サファリのITP機能は、広告主やWEBサイトの運営側が「ドメイン間でユーザを追跡する機能」を制限します。この仕組みを理解するには、cookie(クッキー)について説明をしておく必要があります。

cookieは、「Webサーバー」と「ブラウザ」の間でデータをやりとりする仕組みのひとつです。ブラウザは、cookieの情報を一定期間保有しています。例えば、ユーザIDなどの情報をcookieに保持しておくと、その都度ユーザIDとパスワードを入力しなくても、Webサイトへ自動ログインできるようになります。

また、cookieは「ファーストパーティー」と「サードパーティー」に分類されることも覚えておく必要があります。例えば、A新聞社のWebサイトに掲載されている広告をクリックした場合、それが(A新聞社ではない)サードパーティーのcookieとして扱われる場合もあります。というのも、広告の運営元はA新聞社ではなく、ASP(アプリケーション・サービス・プロバイダー)である場合が多いからです。

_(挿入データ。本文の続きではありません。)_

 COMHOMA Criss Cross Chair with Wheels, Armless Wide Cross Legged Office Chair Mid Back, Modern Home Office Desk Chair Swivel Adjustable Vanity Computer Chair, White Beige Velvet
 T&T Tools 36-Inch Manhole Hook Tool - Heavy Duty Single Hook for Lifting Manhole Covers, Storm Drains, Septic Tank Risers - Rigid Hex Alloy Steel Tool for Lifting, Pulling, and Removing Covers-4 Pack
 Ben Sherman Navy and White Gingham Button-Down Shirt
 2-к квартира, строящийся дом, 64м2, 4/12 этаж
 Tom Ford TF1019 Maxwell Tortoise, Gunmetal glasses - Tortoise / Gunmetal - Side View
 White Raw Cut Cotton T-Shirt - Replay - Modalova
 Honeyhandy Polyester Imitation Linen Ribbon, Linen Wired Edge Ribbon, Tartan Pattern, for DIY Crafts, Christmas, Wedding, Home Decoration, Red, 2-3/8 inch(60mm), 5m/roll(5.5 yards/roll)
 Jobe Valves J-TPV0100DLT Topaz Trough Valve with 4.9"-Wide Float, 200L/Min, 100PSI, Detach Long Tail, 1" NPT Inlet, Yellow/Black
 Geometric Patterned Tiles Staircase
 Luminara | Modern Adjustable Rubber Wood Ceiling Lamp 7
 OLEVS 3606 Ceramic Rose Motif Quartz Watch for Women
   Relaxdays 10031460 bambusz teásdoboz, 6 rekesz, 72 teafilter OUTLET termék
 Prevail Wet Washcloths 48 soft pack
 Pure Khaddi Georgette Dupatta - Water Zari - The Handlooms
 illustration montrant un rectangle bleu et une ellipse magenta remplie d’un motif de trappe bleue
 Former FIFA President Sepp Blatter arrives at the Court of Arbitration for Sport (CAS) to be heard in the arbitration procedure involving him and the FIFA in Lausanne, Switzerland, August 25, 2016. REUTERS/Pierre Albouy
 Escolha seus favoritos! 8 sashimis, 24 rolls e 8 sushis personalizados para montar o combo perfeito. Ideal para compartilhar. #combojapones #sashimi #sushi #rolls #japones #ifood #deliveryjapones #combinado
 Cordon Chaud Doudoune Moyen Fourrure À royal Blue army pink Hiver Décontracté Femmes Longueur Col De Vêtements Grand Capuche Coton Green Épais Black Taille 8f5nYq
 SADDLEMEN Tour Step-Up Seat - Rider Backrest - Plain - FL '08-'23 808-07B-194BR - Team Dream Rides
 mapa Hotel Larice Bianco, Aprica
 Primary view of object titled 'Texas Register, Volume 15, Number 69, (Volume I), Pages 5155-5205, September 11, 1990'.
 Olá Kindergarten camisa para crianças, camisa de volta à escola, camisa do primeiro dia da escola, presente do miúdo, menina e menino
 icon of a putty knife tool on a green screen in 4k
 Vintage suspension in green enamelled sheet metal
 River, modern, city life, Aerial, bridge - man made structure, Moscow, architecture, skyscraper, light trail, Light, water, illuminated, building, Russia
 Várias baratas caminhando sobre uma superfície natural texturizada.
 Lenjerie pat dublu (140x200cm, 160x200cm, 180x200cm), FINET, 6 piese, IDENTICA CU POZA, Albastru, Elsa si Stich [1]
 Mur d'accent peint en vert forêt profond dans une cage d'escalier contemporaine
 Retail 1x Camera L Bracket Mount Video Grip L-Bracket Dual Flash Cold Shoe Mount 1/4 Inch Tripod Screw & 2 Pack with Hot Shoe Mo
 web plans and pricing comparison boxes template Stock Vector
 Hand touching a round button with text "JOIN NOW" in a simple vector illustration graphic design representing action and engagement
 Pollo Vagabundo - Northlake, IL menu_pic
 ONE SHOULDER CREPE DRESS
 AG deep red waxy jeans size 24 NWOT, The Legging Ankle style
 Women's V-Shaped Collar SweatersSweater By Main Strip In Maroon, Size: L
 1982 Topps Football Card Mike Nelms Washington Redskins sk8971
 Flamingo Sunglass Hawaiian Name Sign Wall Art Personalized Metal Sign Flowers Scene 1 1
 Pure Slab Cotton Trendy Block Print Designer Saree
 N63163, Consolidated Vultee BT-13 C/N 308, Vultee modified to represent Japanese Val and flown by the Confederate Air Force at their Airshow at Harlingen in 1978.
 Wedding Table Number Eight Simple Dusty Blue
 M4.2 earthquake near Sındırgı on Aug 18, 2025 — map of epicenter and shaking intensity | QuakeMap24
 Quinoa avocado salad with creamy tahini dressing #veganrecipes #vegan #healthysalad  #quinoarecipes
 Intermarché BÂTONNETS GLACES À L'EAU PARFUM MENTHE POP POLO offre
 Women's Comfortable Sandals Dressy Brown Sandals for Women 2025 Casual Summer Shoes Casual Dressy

話をサファリのITP機能に戻しましょう。ITPは、24時間以内にアクセスがない場合、サードパーティーのcookieを削除してしまいます。これは、ユーザが広告をクリックしてから24時間以上経過すると、コンバージョンが記録されないことを意味します。マーケティング担当者の多くは、cookieを利用して顧客を絞り込み、サイト間の閲覧データを追跡しています。また、キャンペーンの効果を確認するために、cookieを利用してユーザの動線やコンバージョンを把握しておく必要もあります。ITPはこれらの機能に制限を加えることになるため、広告主のマーケティング活動に大きな影響を及ぼします。

ITPへの対策方法:Googleを使う

ITPに対する最もシンプルな対策は、Googleを活用することです。Googleアナリティクスを使用すれば、WebサイトにGoogle Analyticsタグをインストールできます。アカウントとタグを正しく設定していれば、AdWordsコンバージョントラッキングタグでGoogleアナリティクスのcookieを使用できるようになります。また、Googleタグマネージャを使用すると、ページ上のコードを変更することなく、Webサイトにタグをすばやく配置、更新できます。

ITPの今後の展望

ITPは、Appleの英断ともいえます。ユーザのプライバシーを向上させるために、「広告主との軋轢を厭わない」という姿勢は称賛に値するかもしれません。GoogleもChrome向けの広告ブロッカーを発表していますが、こちらは広告業界と提携して作成されているため、ビデオやオーディオの自動再生、画面全体を占めるインタースティシャル広告など、侵入型の広告と分類するものだけを対象にしています。

いずれにせよ、これまでの広告のあり方を再考する時代が到来していることは明らかです。今後は、ユーザと広告主の「利益のバランス」をとった機能がリリースされていくことも期待されます。こういった機能の動向を注視していくことが大切です。

広告モデルを再検討する段階に

ITPに限らず、ユーザの個人情報を活用したサービスは、今後もいろいろと制限が加えられていく可能性があります。個人情報保護の強化が進む現在では、ユーザログだけを頼りにしない、新しい広告配信の仕組みを模索していく必要があります。